**RECORDS TO PROCESS**
****************************************

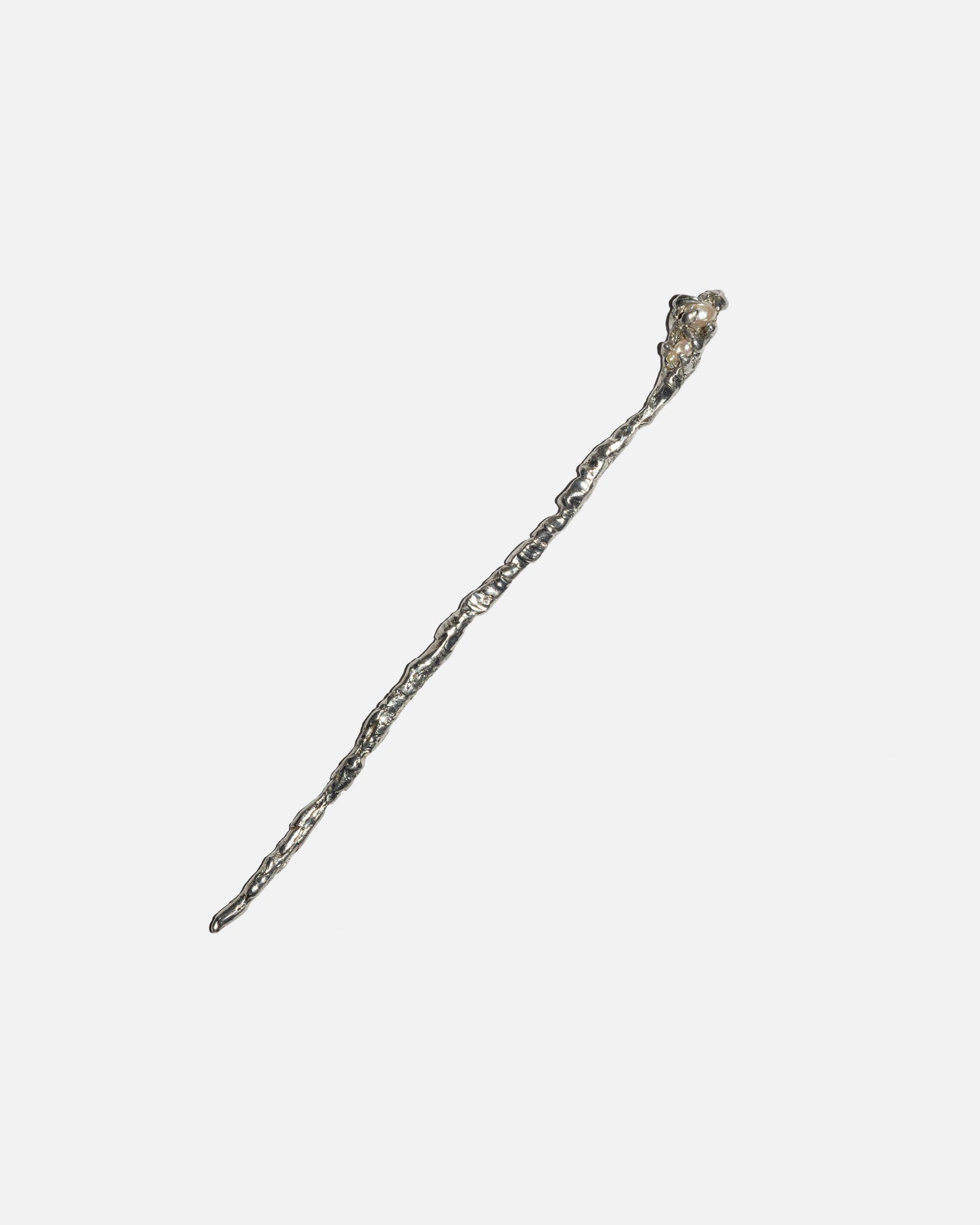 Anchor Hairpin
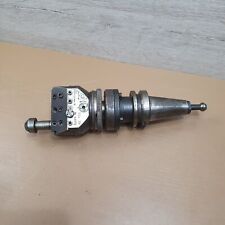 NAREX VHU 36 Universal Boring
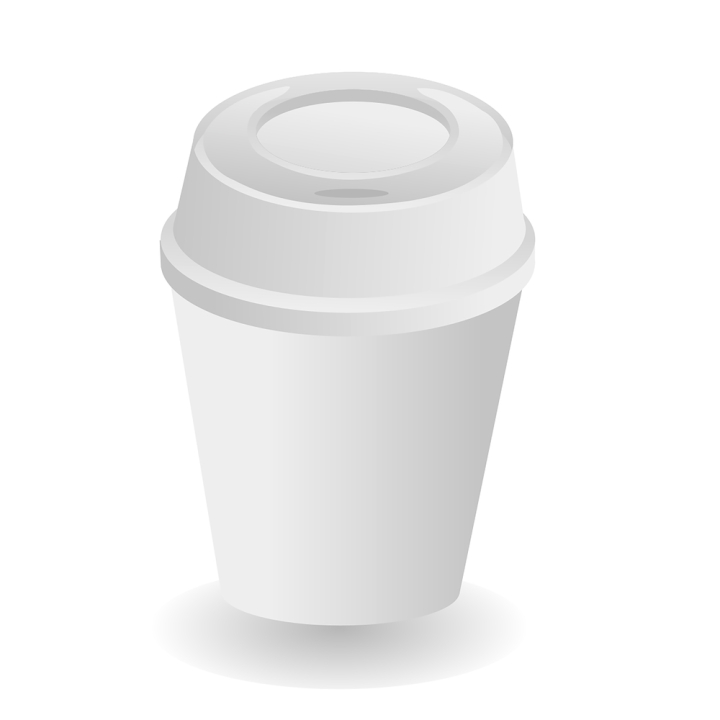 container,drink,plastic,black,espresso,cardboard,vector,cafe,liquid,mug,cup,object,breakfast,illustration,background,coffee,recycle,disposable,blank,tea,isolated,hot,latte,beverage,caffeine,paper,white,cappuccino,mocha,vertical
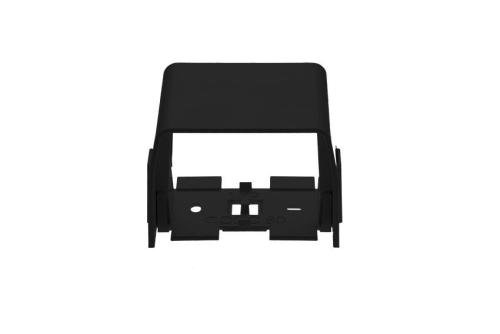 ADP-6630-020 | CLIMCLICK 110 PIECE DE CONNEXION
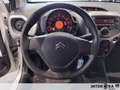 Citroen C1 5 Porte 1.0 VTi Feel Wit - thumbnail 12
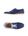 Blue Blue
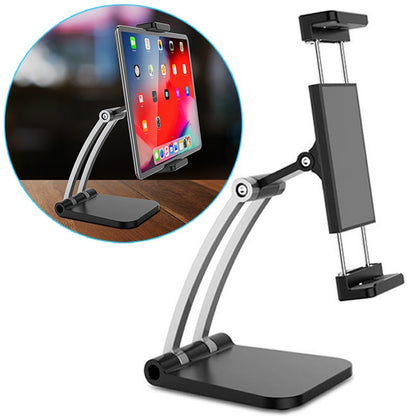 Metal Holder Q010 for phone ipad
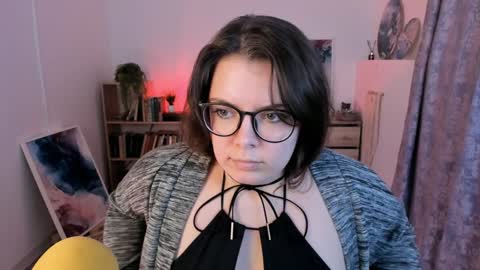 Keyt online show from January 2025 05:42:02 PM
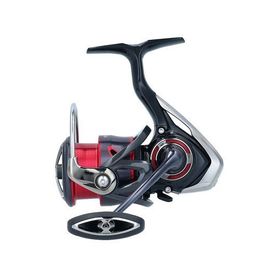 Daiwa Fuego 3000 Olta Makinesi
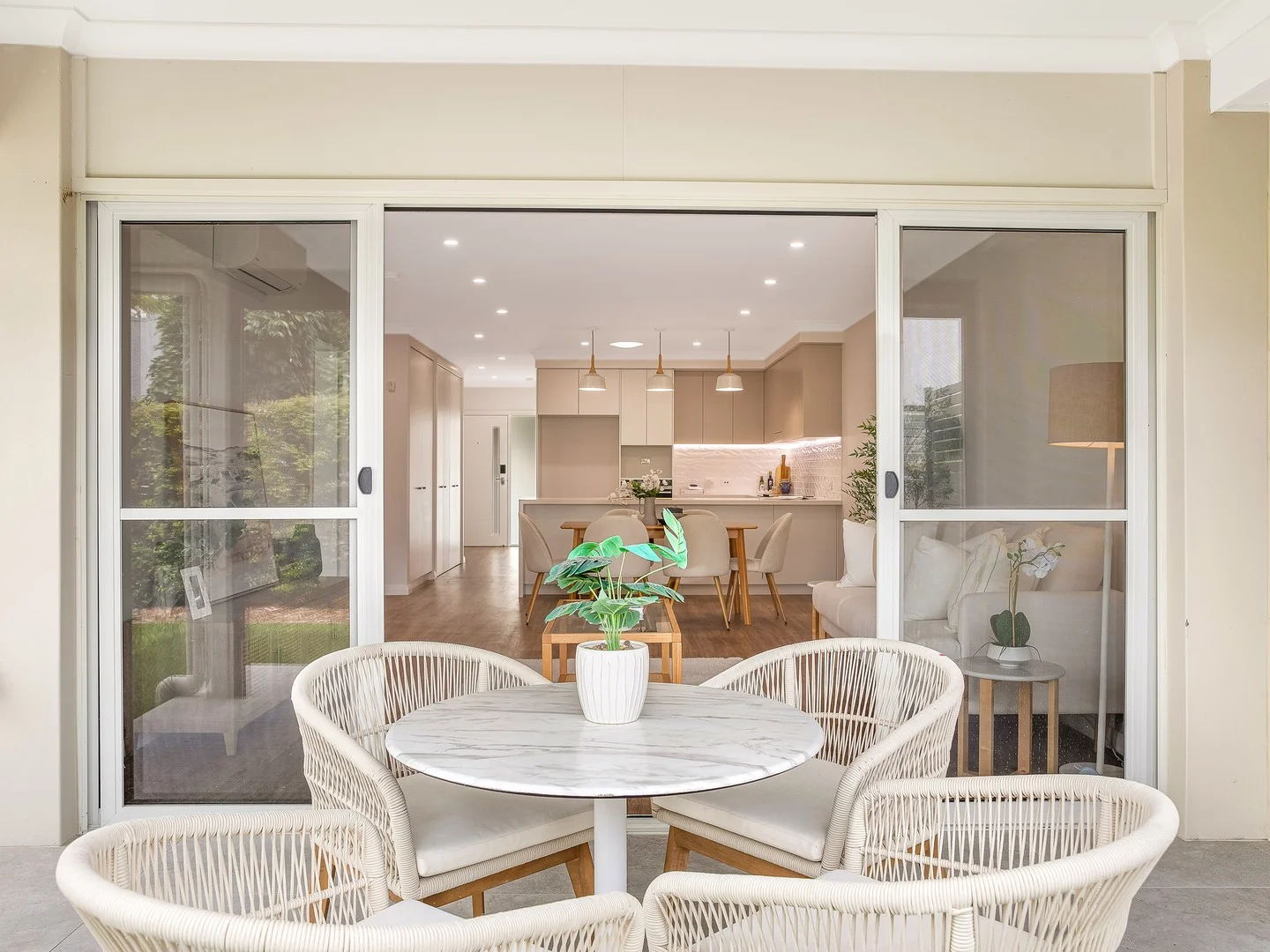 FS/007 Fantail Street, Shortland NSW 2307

****************************************

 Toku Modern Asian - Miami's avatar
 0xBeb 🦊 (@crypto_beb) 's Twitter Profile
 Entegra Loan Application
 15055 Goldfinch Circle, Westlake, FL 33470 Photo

****************************************

**TRY IT**
Within the material above, transcribe exactly the lines that run from the line holding "0xBeb 🦊 (@crypto_beb) 's Twitter Profile" through the line holding "15055 Goldfinch Circle, Westlake, FL".

**REPLY TO THE TASK**
 0xBeb 🦊 (@crypto_beb) 's Twitter Profile
 Entegra Loan Application
 15055 Goldfinch Circle, Westlake, FL 33470 Photo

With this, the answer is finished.